El infierno. Norma Bastidas creció a las orillas de Culiacán, Sinaloa. Sus mejores recuerdos están en el desayuno de todos los días: el dulce del pan caliente, el olor a café de olla, las risas de su madre y sus cuatro hermanos mayores.
También rememora la ciudad y sus cambios, cuando los días de nadar en el río o salir por las noches se terminaron por las noticias y los rumores sobre cárteles, asesinos y balaceras.
“Vi mi primer asesinato a los nueve años, cuando fui a la tienda y balearon a un señor. Pasamos de una comunidad normal a una de violencia, que a mi edad no podía explicar”, detalla Norma.
Tras el fallecimiento de su padre hubo problemas económicos en su hogar. La oferta de trabajo en Japón apareció como una gran oportunidad: tendría dinero y protección, ayudaría a su familia y podría convertirse en modelo.
Sin pensarlo más, firmó el contrato. Al llegar, los lugares prometidos de disco y celebridades estaban allí, pero la labor que desempeñaría sería otra.
Norma había adquirido una supuesta deuda que debía pagar siendo vendida y explotada sexualmente. Lo hizo por nueve meses.
“A veces, entre más luchas es peor. La única manera de sobrevivir es hacer lo que dicen y buscar la manera de salir”, narra.
De acuerdo con la CNDH, 85% de las víctimas de trata son niñas y mujeres.

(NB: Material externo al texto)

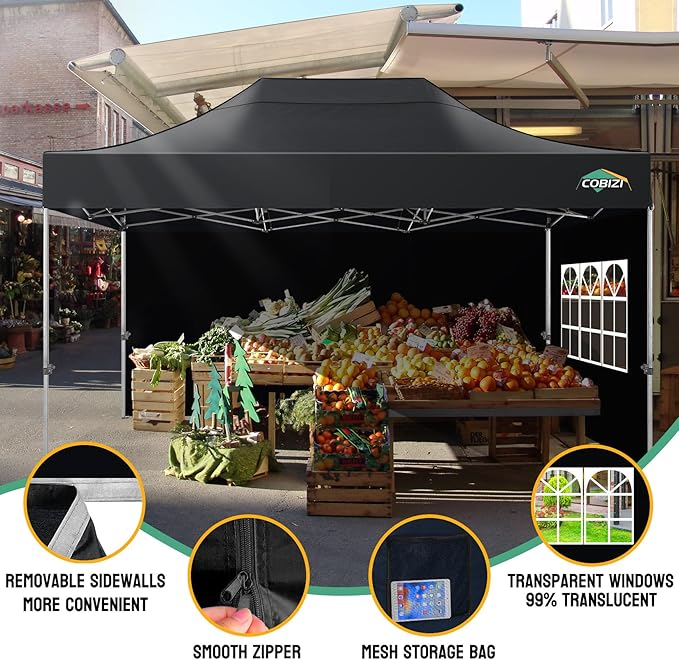 COBIZI 10x15 Pop up Canopy Tent Heavy Duty with 4 Sidewalls, Easy Set-up Commercial Outdoor Party Tent, 100% Waterproof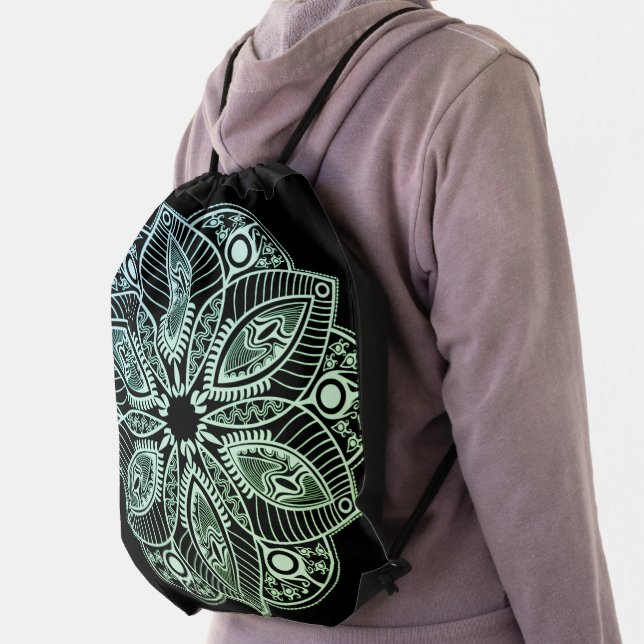 Exotic Tribal Green Gradient Mandala Drawstring Bag (Insitu)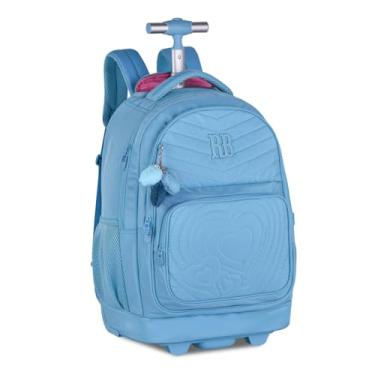Imagem de Mochila De Rodinhas Com Alça Costas Mala Viagem Passeio Bolsa Escolar Menina Infantil Juvenil Com Chaveiro Pompom RB Original Azul Escuro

Existen tres tipos de acciones para atraerlas: levantones en la calle, carteles y anuncios falsos, así como relaciones sentimentales que usan los padrotes para engañarlas.
“Sé que lo mío no es algo tan horroroso como las historias que existen, pero eso no quiere decir que fue un cuento de hadas. Tenía 19 años, fue un infierno”, explica.

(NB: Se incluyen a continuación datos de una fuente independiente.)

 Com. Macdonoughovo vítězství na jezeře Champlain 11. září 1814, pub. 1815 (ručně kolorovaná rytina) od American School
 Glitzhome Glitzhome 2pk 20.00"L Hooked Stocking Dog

Veinte años de silencio. El pase de salida llegó cuando los tratantes le regresaron su pasaporte; sin embargo, el infierno la recibió en México con una historia totalmente distinta a la de sus compañeras que también habían viajado a Japón.

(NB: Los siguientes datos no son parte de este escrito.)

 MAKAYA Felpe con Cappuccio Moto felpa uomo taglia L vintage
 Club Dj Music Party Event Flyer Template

“Las otras cuentan que su historia fue normal. Yo no tengo por qué decir que no es cierto, pero cuando regresamos a mí me señalaron como la prostituta. Yo no lo hablé, lo negué porque era una manera de protegerme”, expresa.
La única vez que decidió contarlo, la persona que le escuchaba comenzó a reír y dijo: “Qué suerte, quién iba a decir que Norma siendo la más fea le iba a tocar ese señor con tanto dinero”. De esta forma iniciaron 20 años de silencio.
Así vivió las amenazas de muerte en México, los cristales rotos para intimidarla, la negligencia de las autoridades y su propio exilio por miedo a represalias contra su familia.
Para ella, las víctimas son tratadas con más violencia y se vuelven las responsables de todo lo ocurrido.
“No hablamos porque la humillación y el miedo son profundos. Nadie me preguntó por qué la policía no hizo nada. Tenemos que entender: esto no se trata de revictimizar. Cuando intentamos ayudar, debemos ofrecer el apoyo incondicional y sin fecha”, señala.
Contra agresiones. La tranquilidad volvió seis años más tarde cuando Norma conoció a su esposo y se mudaron a Canadá. Empezó una nueva vida: aprendió japonés, tradujo películas y se convirtió en modelo; después, decidió ser madre.
Su historia siempre silenciada comenzó a romperse sin palabras, primero se liberó corriendo. A los 38 años perdió su empleo y su hijo mayor comenzó a perder la vista. Norma se sentía asfixiada, con ganas de gritar, de dejar todo, por lo que por las mañanas salía a correr para despejarse, así encontró la libertad.
Ahora es activista, ultramaratonista y realiza deportes extremos. Hoy presenta el documental Woman en el Museo de Memoria y Tolerancia. Considera que lo mejor que puede ofrecer es apoyo a quienes pierden la esperanza tras sobrevivir a delitos.
Como una víctima de los años 80, para Norma la violencia contra las mujeres no disminuye. Ahora, 34 años más tarde, la confianza está en las movilizaciones en un grito colectivo por la justicia para todas. Reconoce que lo que más admira de las nuevas generaciones es que ya no huirán de las agresiones.